Yes -- and that can be, and commonly is, implemented as a bitwise copy
of the struct.

Suppose there's a gap between the members "i" and "s". After the
assignment "b = a;", the gaps in "a" and "b" may or may not have the
same contents. The assignment can be done either as a bitwise copy or
by copying the members one-by-one, leaving any gaps alone.

99% of the type, this doesn't matter because you're never going to
look at what's in the gaps anyway.

Where there are multiple representations for the same value the
representation could change. It is important for the OP to know this
IMHO so that s/he does not assume that memcmp can be used safely.

 

[Richard Heathfield]

Flash Gordon said:

Richard Heathfield wrote, On 30/06/07 20:56:

No they don't, they stay as pointers ;-)

Knowing what Serve Lau must have intended I read it as "where arrays
degenerate...".

I know. Actually, arrays never actually do that. We often say they do,
but we're just being lazy. What we really mean is that the name of an
array, when used in an expression, is often (indeed, *usually*) treated
as if it were a pointer to the array's first element. The array itself
never "degenerates" (or "decays", as it is usually put) at all.

 

[Army1987]

If I have the ff struct:

struct A
{
unsigned int i;
char s[LONG_ENOUGH];
} a, b;


And use them in code like this:

a.i = 42 ;
strcpy(a.s,"test");

b.i = 100 ;

b = a ;

at this point, a (bitwise?) copy of a is made to b. Question is:

1). is b.s now ptr to a.s ? (I think so)

No, since it is an array, not a pointer.

If so, what happens if for instance variable 'a' goes out of scope (?)

2). Does the compiler generate an implicit "memcpy" or "memmove" behind the scenes when it sees an assignment like this?

It could, but it needn't. For example, padding bits needn't be
copied.

 

[Eric Sosman]

Malcolm McLean wrote On 06/30/07 13:05,:

If I have the ff struct:

struct A
{
unsigned int i;
char s[LONG_ENOUGH];
} a, b;


And use them in code like this:

a.i = 42 ;
strcpy(a.s,"test");

b.i = 100 ;

b = a ;

at this point, a (bitwise?) copy of a is made to b. Question is:

1). is b.s now ptr to a.s ? (I think so)
If so, what happens if for instance variable 'a' goes out of scope (?)

2). Does the compiler generate an implicit "memcpy" or "memmove" behind
the scenes when it sees an assignment like this (to avoid dangling ptrs)?

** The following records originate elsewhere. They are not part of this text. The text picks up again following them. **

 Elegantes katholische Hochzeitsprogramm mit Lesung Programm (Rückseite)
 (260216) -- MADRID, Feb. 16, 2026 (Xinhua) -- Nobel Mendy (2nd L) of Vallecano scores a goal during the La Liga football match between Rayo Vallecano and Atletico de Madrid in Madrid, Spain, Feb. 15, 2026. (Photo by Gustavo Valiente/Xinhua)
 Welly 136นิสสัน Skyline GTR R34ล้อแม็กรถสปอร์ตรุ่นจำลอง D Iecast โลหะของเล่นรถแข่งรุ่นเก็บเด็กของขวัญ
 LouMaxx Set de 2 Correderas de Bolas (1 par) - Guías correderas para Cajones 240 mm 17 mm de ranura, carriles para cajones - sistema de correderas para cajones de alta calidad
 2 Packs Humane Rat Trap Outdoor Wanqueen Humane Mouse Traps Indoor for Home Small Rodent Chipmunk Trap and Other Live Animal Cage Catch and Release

The answer is 2. A structure assignment will cause a call to memcpy to be
made, or equivalent code emitted if the structure is small enough to make
this wasteful and the compiler is clever. [...]

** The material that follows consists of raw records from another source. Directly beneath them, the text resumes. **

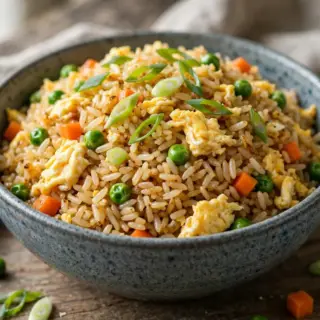 A bowl of Chinese egg fried rice with soft scrambled egg, peas, carrots, and sliced scallions, served in a ceramic bowl.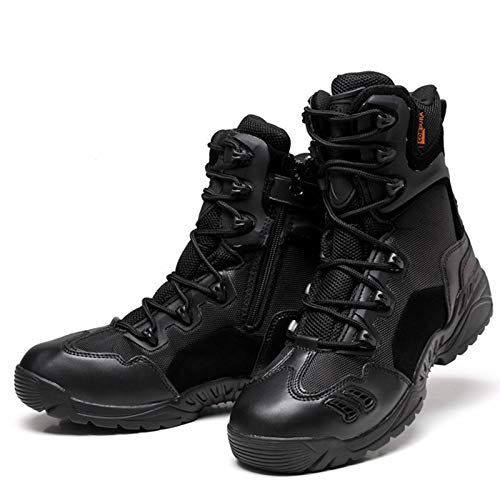 Wygwlg Spring and Autumn Men Military Tactical Boots, Army Ankle Boot Men's Work Shoes, Breathable Hiking Shoes, Black A-412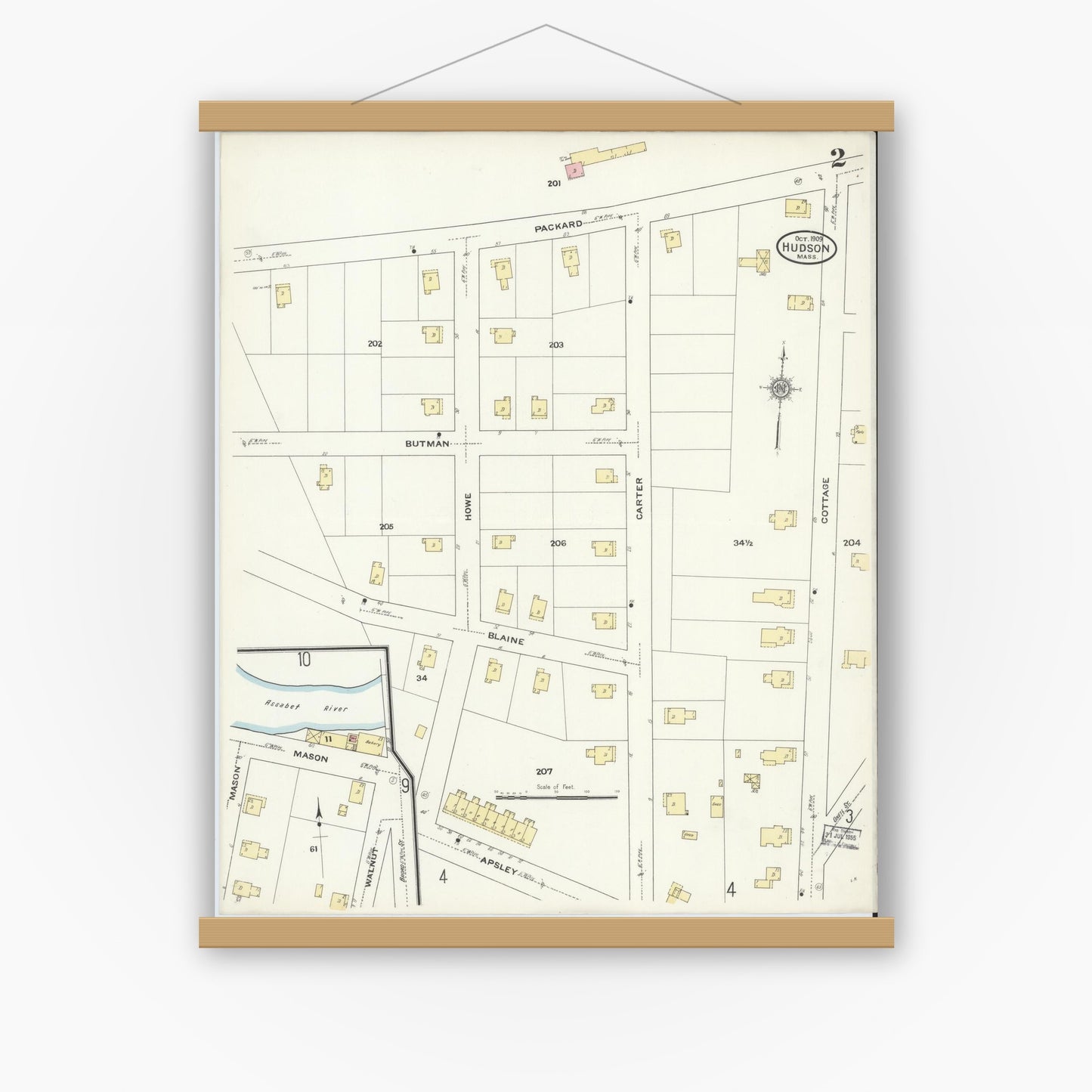 Old map wall art mockup — magnetic wood frame on white wall — Sanborn Fire Insurance Map from Hudson, Middlesex County, Massachusetts (1909), Sheet #0002
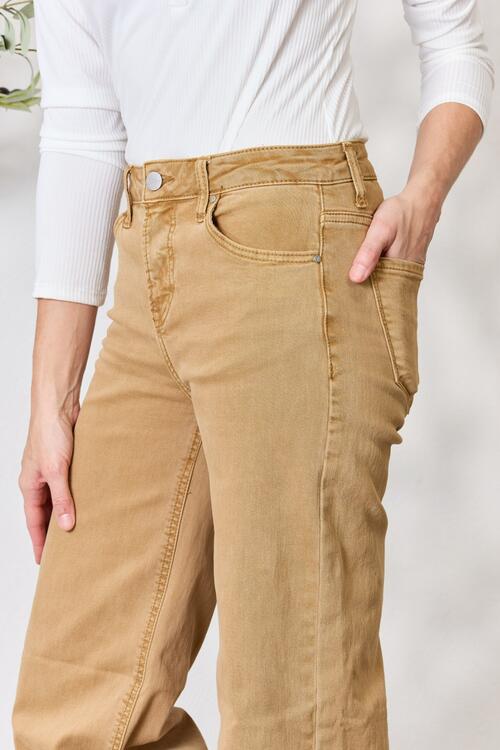 RISEN Full Size Fringe Hem Wide Leg Jeans Trendsi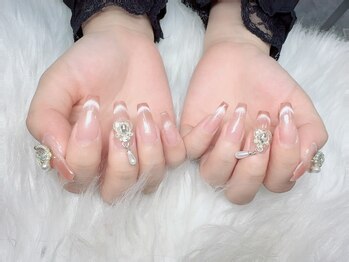 スノーネイルサロン 新宿店(Snow nail salon)/マグネットフレンチ/パーツ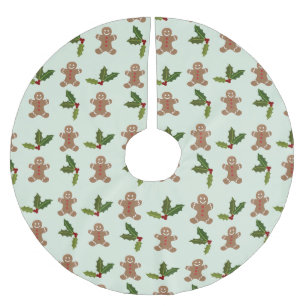 Gingerbread Men and Holly Pattern Brushed Polyester Tree Skirt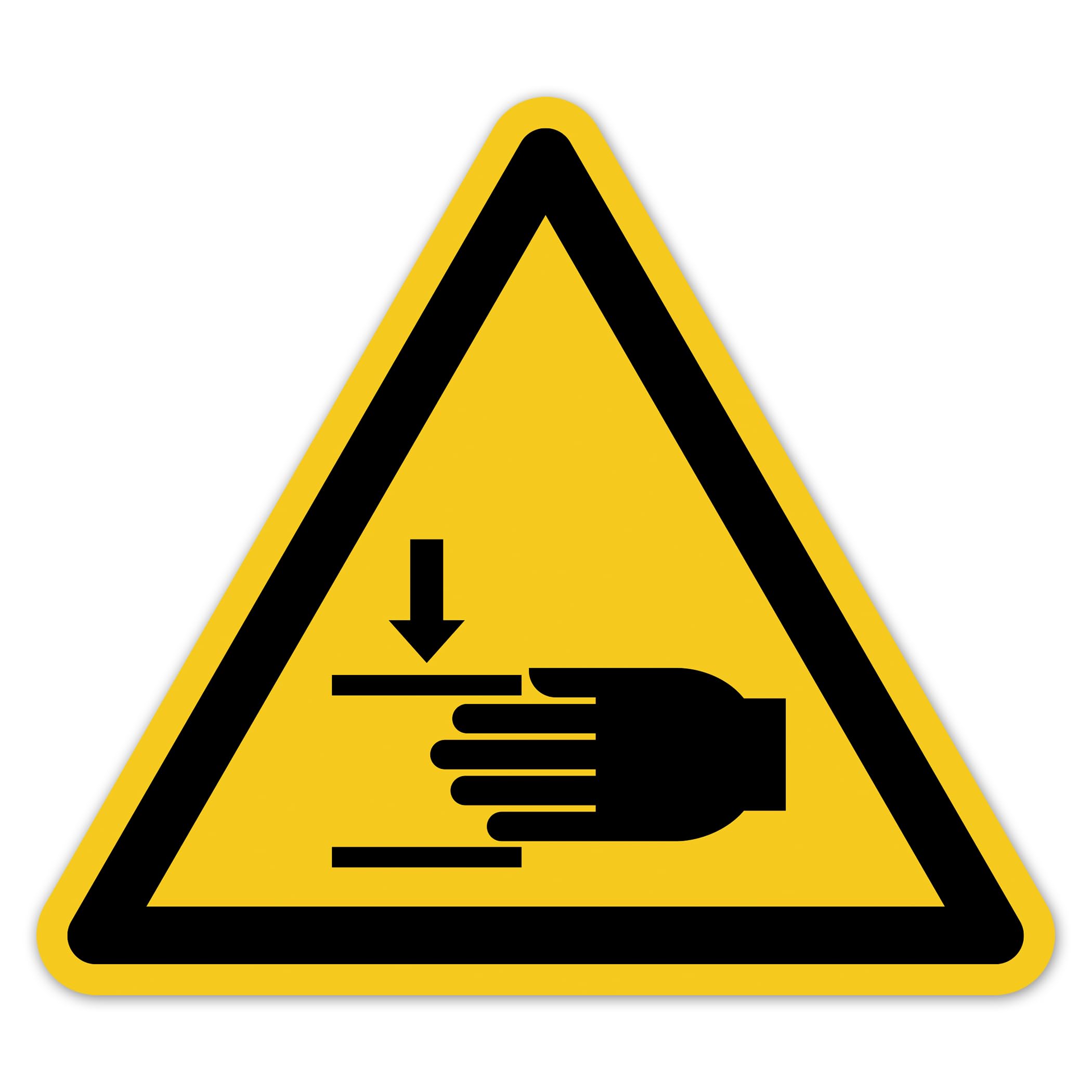 Señal de advertencia de lesiones en las manos, símbolo de advertencia según DIN EN ISO 7010 – Pegatinas autoadhesivas de advertencia para máquinas, instalaciones, dispositivos y áreas de
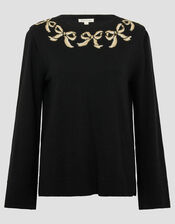 Bree Bow Neck Jumper, Black (BLACK), large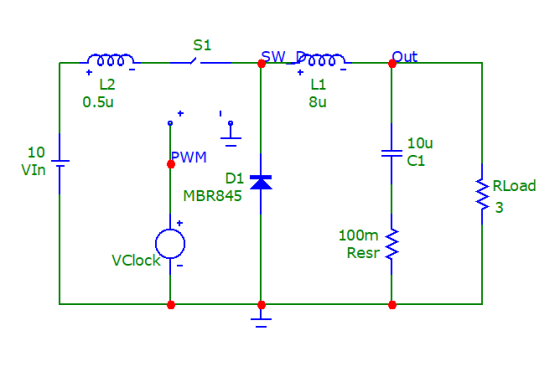 S1 L2 0.5u L1 8u 10u C1 10 VIn WM RLoad 3 D1 MBR845 100m Resr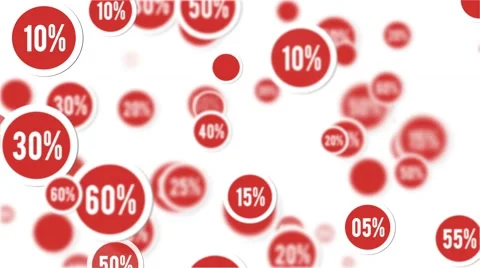 Red sale percentage circular stickers background Stock Footage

The compiler *may* do this, but it is not required
to copy padding bytes and padding bits. Assignment only
copies the value; padding bytes and bits are not part of
the value of a struct, and might not be copied -- as they
would be if memcpy() or an equivalent were used.

 

[Old Wolf]

The compiler *may* do this, but it is not required
to copy padding bytes and padding bits. Assignment only
copies the value; padding bytes and bits are not part of
the value of a struct, and might not be copied -- as they
would be if memcpy() or an equivalent were used.

Something that just occurred to me. Say we
have:
struct S
{
char s[10];
};

struct S s = { "hello" };
struct S t;
t = s;

Initializing an automatic array from a string
literal is only guaranteed to initialize the
characters of the string and the null terminator
- it could leave subsequent array entries (in
this case, indices 6 through 9) uninitialized.

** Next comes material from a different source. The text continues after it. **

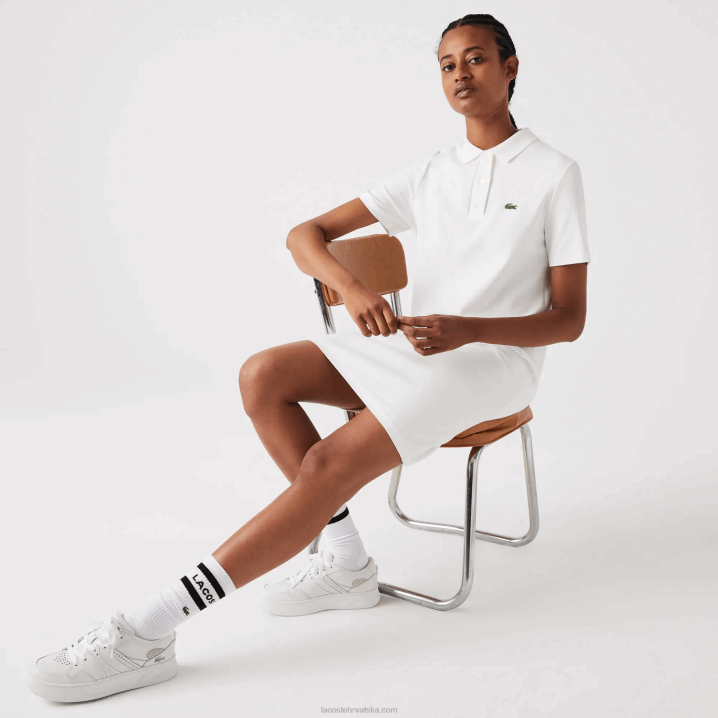 bijela 70v 6H4B2512 žene Lacoste truba rukav pique polo haljina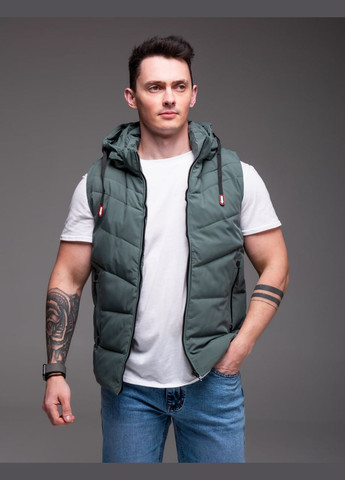 Утеплена чоловіча жилетка з капюшоном matte olive Stylish Touch (322872020)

So does the assignment 't = s' cause undefined
behaviour by copying the values of uninitialized
array members?

 

[Robert Gamble]

The compiler *may* do this, but it is not required
to copy padding bytes and padding bits. Assignment only
copies the value; padding bytes and bits are not part of
the value of a struct, and might not be copied -- as they
would be if memcpy() or an equivalent were used.

Something that just occurred to me. Say we
have:
struct S
{
char s[10];
};

struct S s = { "hello" };
struct S t;
t = s;

Initializing an automatic array from a string
literal is only guaranteed to initialize the
characters of the string and the null terminator
- it could leave subsequent array entries (in
this case, indices 6 through 9) uninitialized.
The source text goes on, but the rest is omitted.